New York, NY (Top40 Charts) Anyone longing for the guitar-heavy, punky sass of classic bands like Elastica, the Divinyls or the B-52's will thrill to the audaciously free-wheeling new song "Hula Hoop" from The Infamous HER. The song's eye-popping video propels the viewer through hilarious, campy visuals while the hula hoop queen herself, lead singer and super vixen Monique Staffile, boasts flirtatiously that she can "go all night." Hula hooping was never so much fun.
Birthed from the New York, Lower East Side underground scene, The Infamous HER's music dances between rock, pop and glam with effortless abandon, always with a wink - plus a sultry grin from Staffile. The band's playing is uncompromisingly robust, locked in with Staffile's elastic vocal stylings, but peppered with attitude and playfulness.
The quartet recently returned from a wildly successful European tour where they performed in front of hundreds of thousands of adoring fans, As they set their sights on conquering North America, the huge spotlight being shown down on The Infamous HER continues to shine brighter and brighter.

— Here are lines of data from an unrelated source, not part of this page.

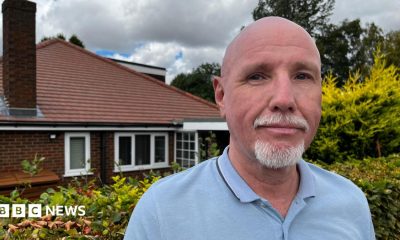 Man in a light blue polo shirt looks at the camera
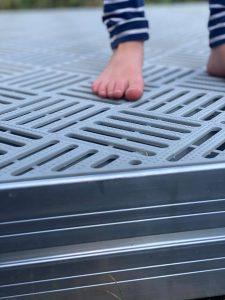 A small foot on SunWalk 45-Series grated decking.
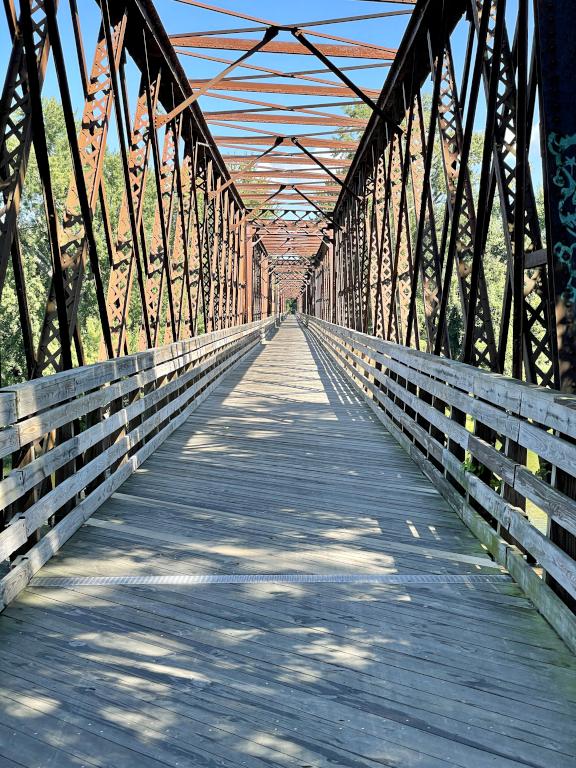 long bridge over the Connecticut River in September at Norwottuck Rail Trail near Northampton in northern Massachusetts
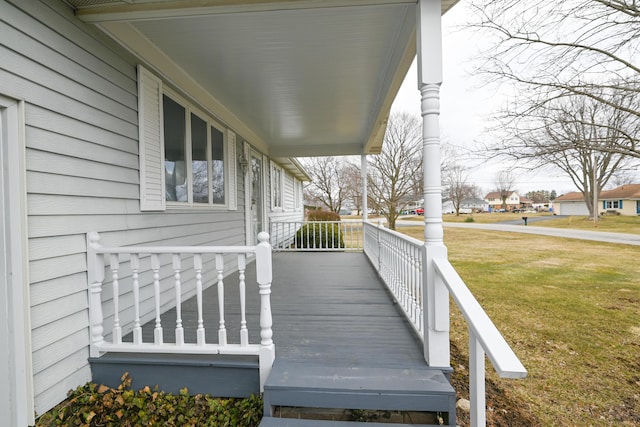 wooden deck with a yard and a porch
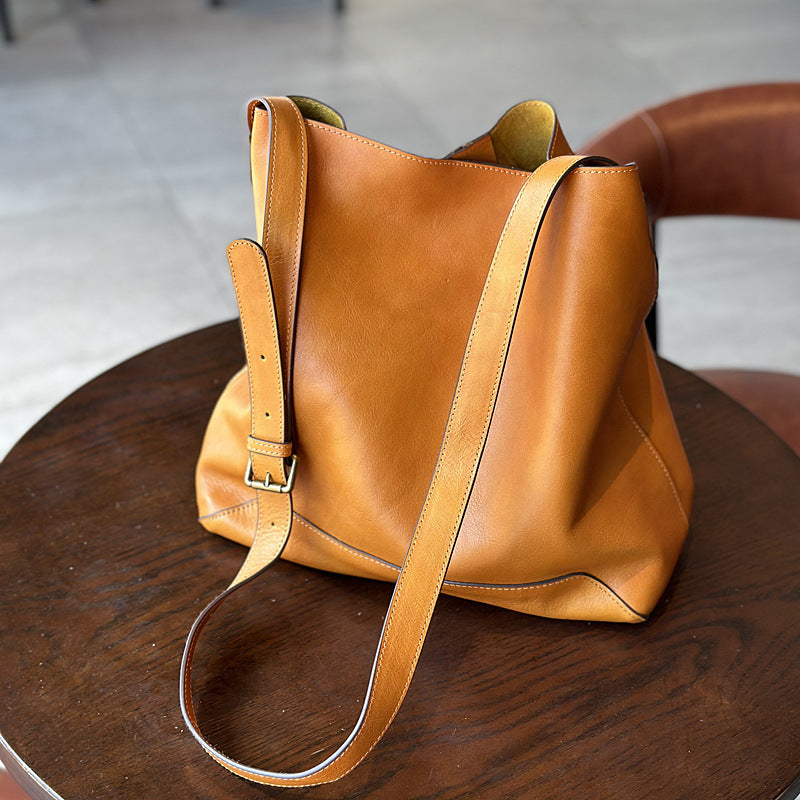 Brown leather handbag on a wooden surface with a blurred background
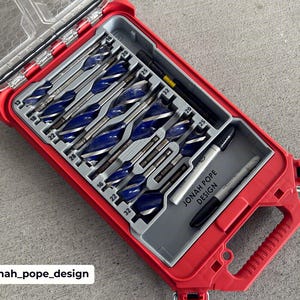 May include: A red toolbox with a clear lid, containing a set of blue and silver drill bits. The toolbox also holds a black marker and a silver pen. The text "JONAH POPE DESIGN" is printed on the gray interior.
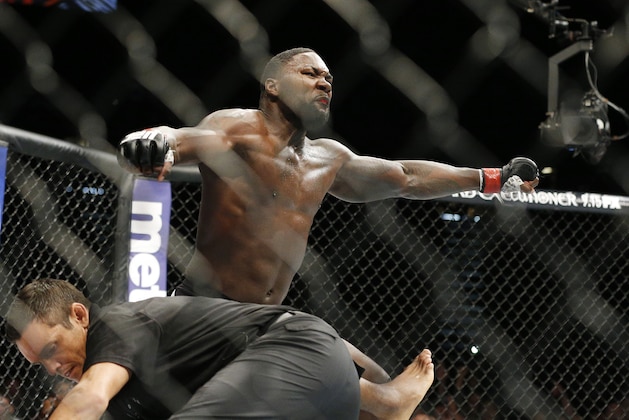 Anthony Johnson celebrates after defeating Jimi Manuwa during their light heavyweight mixed martial arts bout at UFC 191 on Saturday, Sept. 5, 2015, in Las Vegas. (AP Photo/John Locher)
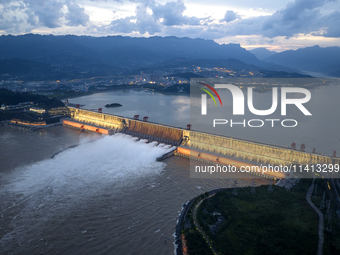 The Three Gorges Dam is opening nine holes to release water in Yichang, China, on July 16, 2024. The Three Gorges Reservoir is speeding up t...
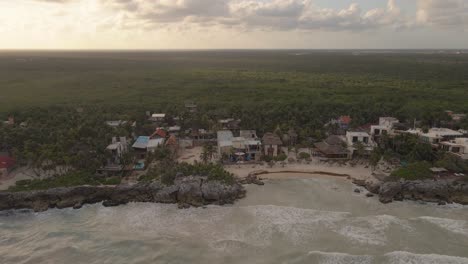 drone shot of the sunset of a paradisiacal beach in tulum, approaching a beach club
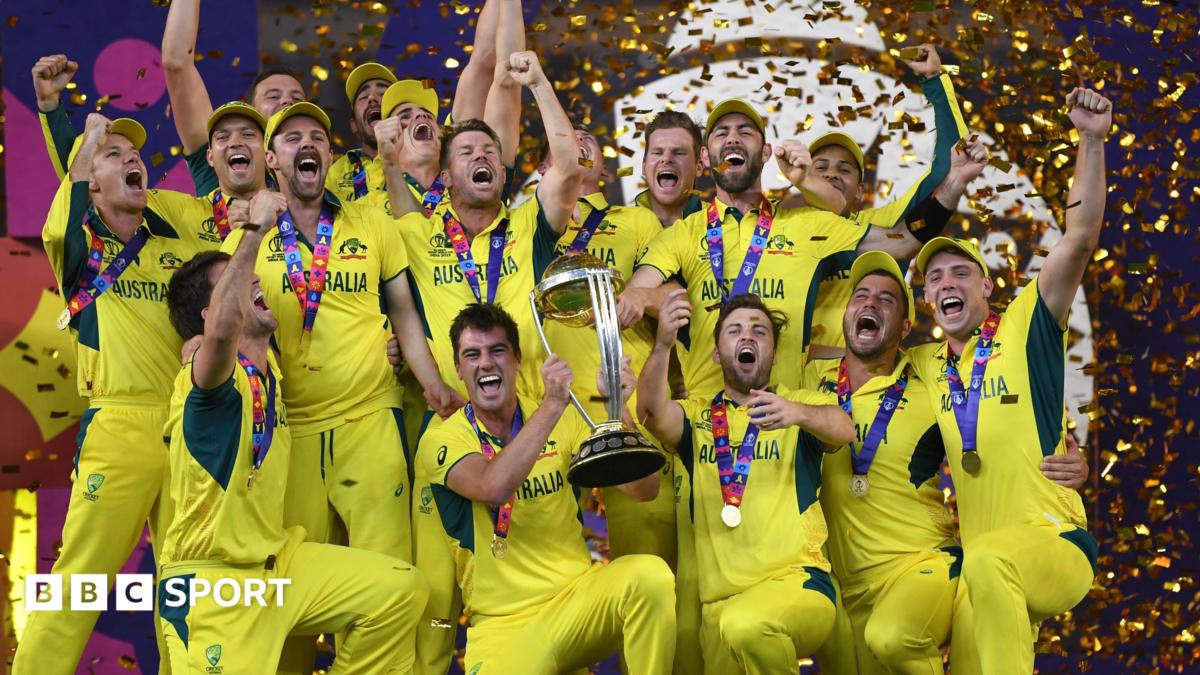 Australian cricket players celebrate with a trophy and medals as gold confetti falls around them.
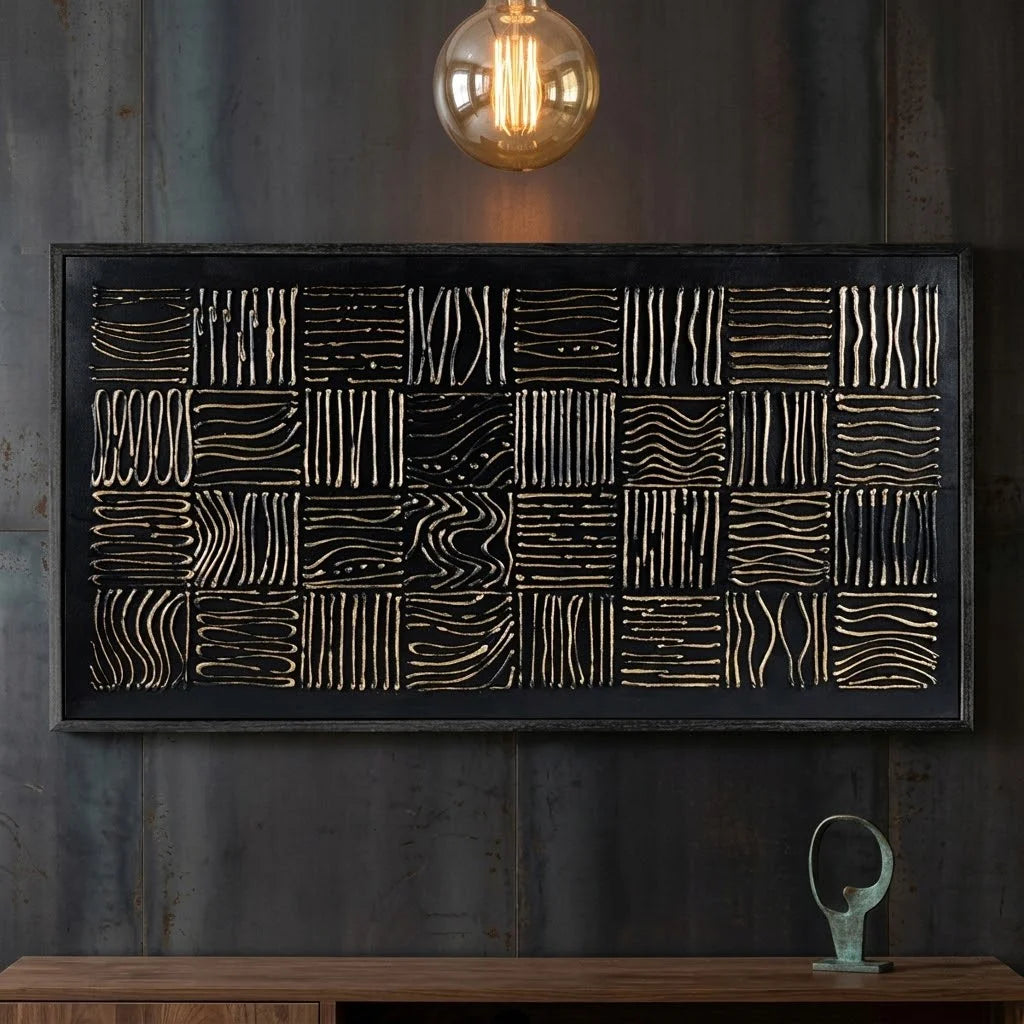 Decorative wall art with geometric patterns above a wooden desk.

The song and video for "Hula Hoop" originate from an old VHS tape of Staffile at her sixth birthday party, hula-hooping in front of assembled friends and family. The crowd shouts each twirl in unison, but the old tape abruptly cuts off as the count surpasses 324 spins. Staffile's obvious claim to the title of "hula hoop queen" inspired the lyric and "Hula Hoop" was born. The band rips into a heavy guitar riff that sets up the song until the lead singer jumps, growling and yelping her status in a series of hooky double entendres that ride the twisting, turning gyrations of the groove. She teases that once her hips start moving, she can keep spinning for hours and hours: "Once I start I can't stop." Then she dares anyone else to show their stuff, taunting "You could go for minutes and minutes."
The video for "Hula Hoop" is full-on vintage fun. Bringing back the low-budget pandemonium of early MTV videos, it's a dazzling mashup of quick cuts between old-school video gimmicks, early computer imagery, and just plain cool transmogrifications into manga-style animated moments. Says the Infamous HER: "We make the viewer know we are just having fun and not taking anything too seriously. The only thing we took seriously was trying to hula hoop on camera."
The band, for all their efforts, hopelessly flailed. Lead singer Staffile retains her hula-hoop queen status - until behind-the-scenes green screenshots reveal her surprising technique. Jokey, funny, and inventive, the video brings the band's creativity and humor to the fore in support of a flirty earworm that is guaranteed to rotate hips every time it's played.